TASK OBJECTIVE:
The answer is an exact copy of the lines from the one with "Chicago, IL 60657,3151 N Lincoln AVE #208" to the end of the listing below, pictures left out.

SOURCE MATERIAL:
------------------------------------------------------------
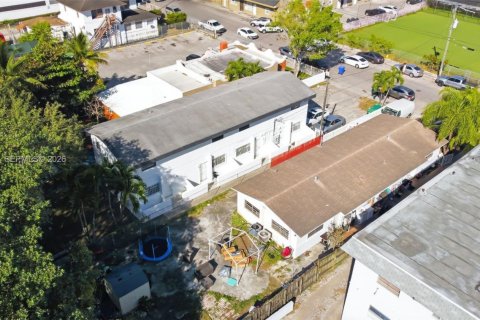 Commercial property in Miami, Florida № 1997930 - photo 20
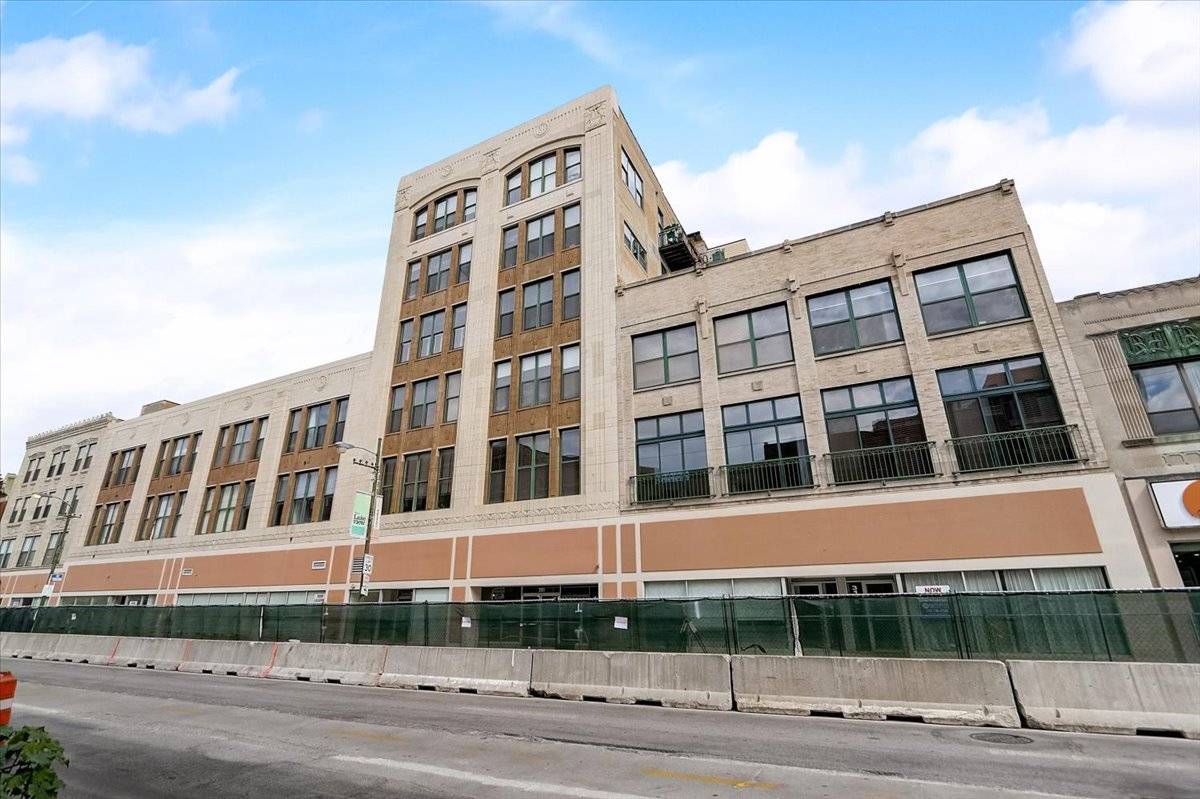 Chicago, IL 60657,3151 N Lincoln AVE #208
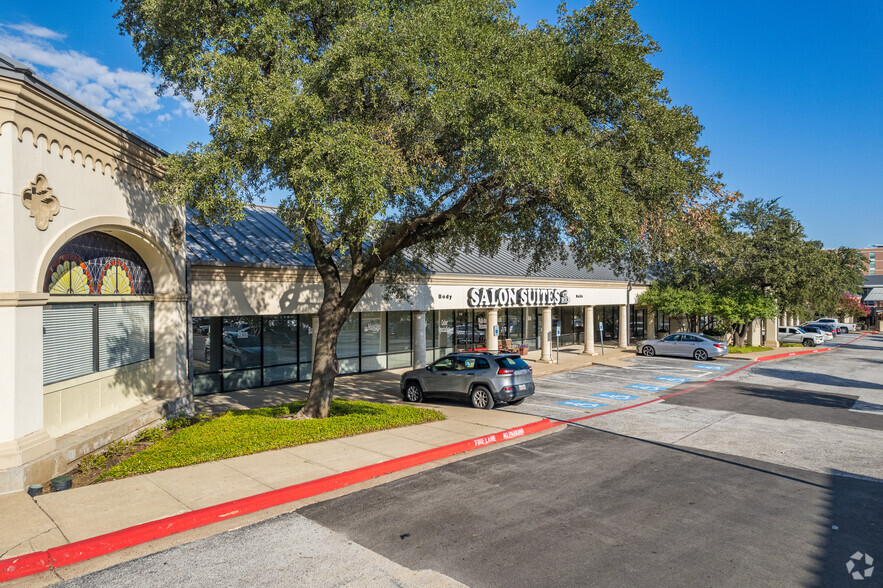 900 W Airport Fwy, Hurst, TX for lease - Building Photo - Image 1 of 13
------------------------------------------------------------
SOLUTION TO THIS TASK:
 Chicago, IL 60657,3151 N Lincoln AVE #208
 900 W Airport Fwy, Hurst, TX for lease - Building Photo - Image 1 of 13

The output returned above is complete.